> _Aim of the task_
The entries below should appear again in your reply, word for word.
(Extracted entries begins)
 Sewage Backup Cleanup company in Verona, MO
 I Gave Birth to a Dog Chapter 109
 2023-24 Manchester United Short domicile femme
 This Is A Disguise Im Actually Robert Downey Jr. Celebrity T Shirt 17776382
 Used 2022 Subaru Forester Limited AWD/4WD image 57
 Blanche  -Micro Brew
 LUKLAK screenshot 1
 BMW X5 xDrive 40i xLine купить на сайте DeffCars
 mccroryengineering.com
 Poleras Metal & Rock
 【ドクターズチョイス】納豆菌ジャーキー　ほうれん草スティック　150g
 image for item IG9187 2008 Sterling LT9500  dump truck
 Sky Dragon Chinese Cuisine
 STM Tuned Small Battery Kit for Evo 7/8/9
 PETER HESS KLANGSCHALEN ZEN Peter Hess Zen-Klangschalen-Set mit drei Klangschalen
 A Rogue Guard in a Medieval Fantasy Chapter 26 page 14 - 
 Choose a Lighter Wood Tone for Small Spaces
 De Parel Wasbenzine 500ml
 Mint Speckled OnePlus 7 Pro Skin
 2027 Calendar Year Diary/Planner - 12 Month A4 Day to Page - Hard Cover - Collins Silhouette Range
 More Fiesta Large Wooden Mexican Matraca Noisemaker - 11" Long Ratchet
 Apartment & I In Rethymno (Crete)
(Extracted entries ends)
> _Exercise output_
 Sewage Backup Cleanup company in Verona, MO
 I Gave Birth to a Dog Chapter 109
 2023-24 Manchester United Short domicile femme
 This Is A Disguise Im Actually Robert Downey Jr. Celebrity T Shirt 17776382
 Used 2022 Subaru Forester Limited AWD/4WD image 57
 Blanche  -Micro Brew
 LUKLAK screenshot 1
 BMW X5 xDrive 40i xLine купить на сайте DeffCars
 mccroryengineering.com
 Poleras Metal & Rock
 【ドクターズチョイス】納豆菌ジャーキー　ほうれん草スティック　150g
 image for item IG9187 2008 Sterling LT9500  dump truck
 Sky Dragon Chinese Cuisine
 STM Tuned Small Battery Kit for Evo 7/8/9
 PETER HESS KLANGSCHALEN ZEN Peter Hess Zen-Klangschalen-Set mit drei Klangschalen
 A Rogue Guard in a Medieval Fantasy Chapter 26 page 14 - 
 Choose a Lighter Wood Tone for Small Spaces
 De Parel Wasbenzine 500ml
 Mint Speckled OnePlus 7 Pro Skin
 2027 Calendar Year Diary/Planner - 12 Month A4 Day to Page - Hard Cover - Collins Silhouette Range
 More Fiesta Large Wooden Mexican Matraca Noisemaker - 11" Long Ratchet
 Apartment & I In Rethymno (Crete)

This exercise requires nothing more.